1 Voodoogami

Sanjeeva Rao Mla Bibliography

1. Introduction

Sepsis and septic shock are among the most important medical emergencies throughout the world. Advancement in the life support technologies have proven to be insufficient in reducing the mortality and morbidity arising from severe sepsis. In the era of multi-drug resistance, it becomes imperative that such cases should be diagnosed at the earliest and appropriate treatment and management measures should be initiated for better patient outcome/care [1]. Sepsis is defined as the two fold increase in inflammatory indicators. Some of the biomarkers currently available include C-reactive protein (CRP), procalcitonin (PCT), Interleukin-6 (IL-6), Plasma transforming growth factor-b1, Pro-vasopressin, pro-adrenomedullin (proADM), pro-atrial natriuretic peptide and myeloid cells expressing triggering receptor-1 (TREM-1), soluble urokinase-like plasminogen receptor (suPAR) [2-8][2]. Among the available biomarkers of sepsis, the CRP is still routinely used as a sepsis indicator in neonates [9]. Millions of deaths are reported due to sepsis throughout the world including both developed and developing nations [10]. Sepsis has been attributed to occur in 1-2% of hospitalized patients including those who are undergoing treatment in intensive care units (ICU) [11]. Among the many biomarkers which have been evaluated for their prognostic significance only PCT was found useful until recently [12]. Although the available biomarkers of sepsis have proven to be useful, the drawbacks include their elevated activities during non septic conditions like trauma, surgery, myocardial infarction and other conditions like systemic inflammatory response syndrome (SIRS), and immune response during septic conditions. Considering the fact that sepsis due to infection is microbiologically confirmed only in 30% of the cases, it is inevitable that there is need for other indicators of sepsis [13].

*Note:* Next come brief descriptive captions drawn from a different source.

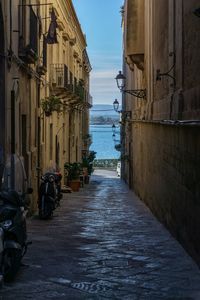 Narrow street amidst buildings against sky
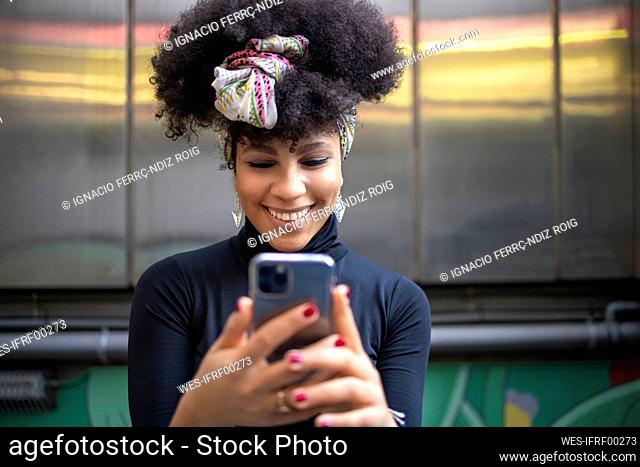 Happy fashionable young woman using mobile phone against wall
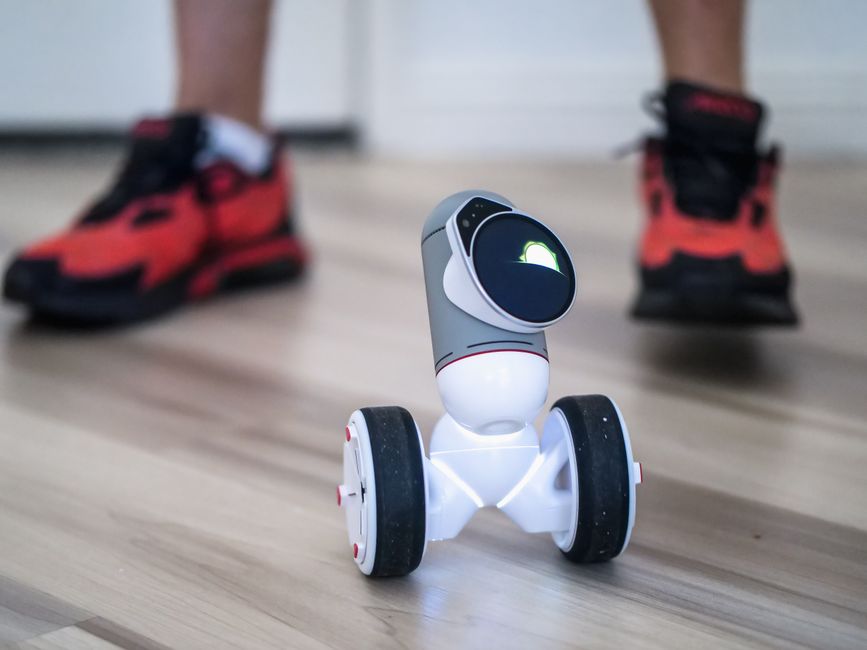 Bright & Smart Robotics: Pioneer Innovators 2 Close-up of a two-wheeled mini robot on a wooden floor with sneakers in background. | BocaVibe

2. Presepsin: Soluble Subtype of CD14 (SCD14-ST)

Some of the biomarkers currently available have proven to be having less prognostic value and cannot be useful for predicting mortality [14]. Research in this direction has paved the way for identification of CD14, a glycopeptides expressed on macrophages and monocytes, which serves as a receptor for lipopolysaccharide-lipopolysaccharide binding protein (LPS-LPB) of microorganisms as a potential biomarker. CD14 is a 55-kDa glycosyl phosphatidyl inositol-anchored protein lacking a cytoplasmic domain. CD14 is expressed on most innate immune response cells and exists either in an anchored membrane form (mCD14) or in a circulating soluble form (sCD14). The latter is a 43-53 kD glycoprotein that derives from either protease-mediated membrane CD14 shedding or liver synthesis as a type II acute-phase reactant. During inflammation, plasma protease activity generates CD14 fragments (Figure 1).

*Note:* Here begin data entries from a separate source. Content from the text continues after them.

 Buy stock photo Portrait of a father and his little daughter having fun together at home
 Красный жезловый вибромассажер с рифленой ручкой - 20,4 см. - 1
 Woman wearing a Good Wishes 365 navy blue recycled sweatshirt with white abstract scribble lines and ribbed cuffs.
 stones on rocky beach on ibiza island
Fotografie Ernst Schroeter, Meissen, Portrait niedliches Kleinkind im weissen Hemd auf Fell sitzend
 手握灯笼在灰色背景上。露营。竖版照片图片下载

The SCD14-ST, a soluble CD14 subtype, a 13 kDa truncated N terminal fragment of 64 aminoacid residues is called as presepsin. This has been found to activate proinflamatory cascade on encountering microorganisms. It has been noted that plasma protein activity results in the production of SCD14 fragments. Among the fragments the SCD14 –ST fragment is recognised as a sepsis marker [15, 16].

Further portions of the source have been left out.